The start of the regular season still is almost two months away, but with players returning to their cities to prepare for training camp, the McCourtys want answers from the league.

"Will we have an option to opt out of the season? Will we be making our full salary? What if there is a COVID outbreak within the league?" the McCourtys wrote. "It's so hard to make a decision of whether we will play or not without knowing what the exact plan is."

The twin brothers, who both have families with young children, also expressed hesitation about signing on to play a season with so many unknowns.

"Will we be able to have meetings in the building? Or will the meetings still be done virtually? Will testing be a few times a week or will it be every day?" they wrote. "As players, how do we decide what is best for us and our families when we don’t know what we’re walking into?"

The NFL and NFL Players Association has formed a joint committee of doctors and trainers to develop protocols that can help players safely prepare for the season.
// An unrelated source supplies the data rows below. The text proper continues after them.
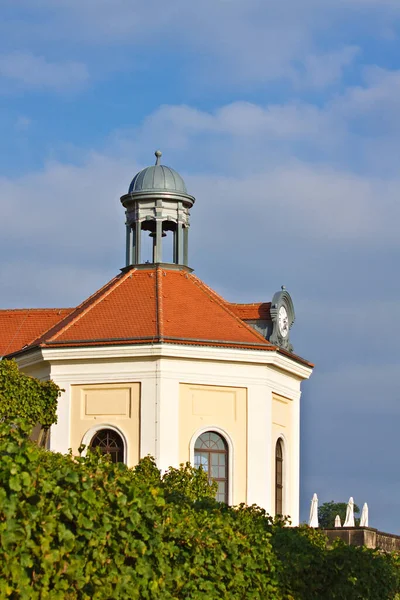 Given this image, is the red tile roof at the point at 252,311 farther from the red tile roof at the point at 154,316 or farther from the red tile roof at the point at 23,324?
the red tile roof at the point at 23,324

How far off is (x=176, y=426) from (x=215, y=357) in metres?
2.48

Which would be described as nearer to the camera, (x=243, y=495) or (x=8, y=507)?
(x=8, y=507)

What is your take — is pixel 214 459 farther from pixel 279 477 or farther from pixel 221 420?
pixel 279 477

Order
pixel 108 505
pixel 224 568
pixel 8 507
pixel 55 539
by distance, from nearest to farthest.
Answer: pixel 8 507, pixel 55 539, pixel 108 505, pixel 224 568

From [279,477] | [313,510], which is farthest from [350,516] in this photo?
[279,477]

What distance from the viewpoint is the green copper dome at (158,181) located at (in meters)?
42.4

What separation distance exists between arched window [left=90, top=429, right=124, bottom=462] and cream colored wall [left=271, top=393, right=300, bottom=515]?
500 cm

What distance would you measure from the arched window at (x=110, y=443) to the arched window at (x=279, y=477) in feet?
17.3

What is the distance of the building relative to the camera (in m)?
37.5

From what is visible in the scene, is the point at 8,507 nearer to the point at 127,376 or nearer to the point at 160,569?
the point at 160,569

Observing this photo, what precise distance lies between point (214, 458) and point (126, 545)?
2331cm

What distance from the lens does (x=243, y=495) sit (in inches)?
1485

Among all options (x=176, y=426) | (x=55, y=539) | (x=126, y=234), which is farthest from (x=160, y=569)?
(x=126, y=234)

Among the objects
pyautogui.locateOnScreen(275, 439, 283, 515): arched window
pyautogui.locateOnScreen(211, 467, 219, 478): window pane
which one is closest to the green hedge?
pyautogui.locateOnScreen(211, 467, 219, 478): window pane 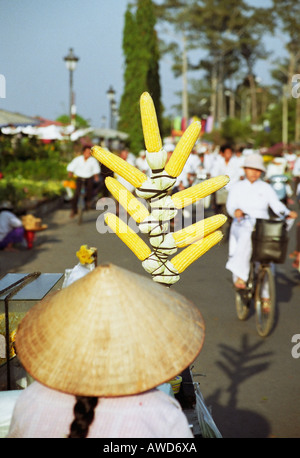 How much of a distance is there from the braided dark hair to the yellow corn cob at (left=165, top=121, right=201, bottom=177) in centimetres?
149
Based on the McCourtys' column, though, it sounds like the league and that joint committee still have plenty of work to do.

"We face a whole lot of unknowns, a whole lot of question marks, and overall are dealing with unsettling feelings about how to handle the two major topics that have hit our entire country hard this year," the McCourtys wrote, referencing COVID-19 and the racial justice movement reinvigorated by the death of George Floyd. 

"The year is only halfway done, so the verdict is still out on whether we can get some answers moving forward."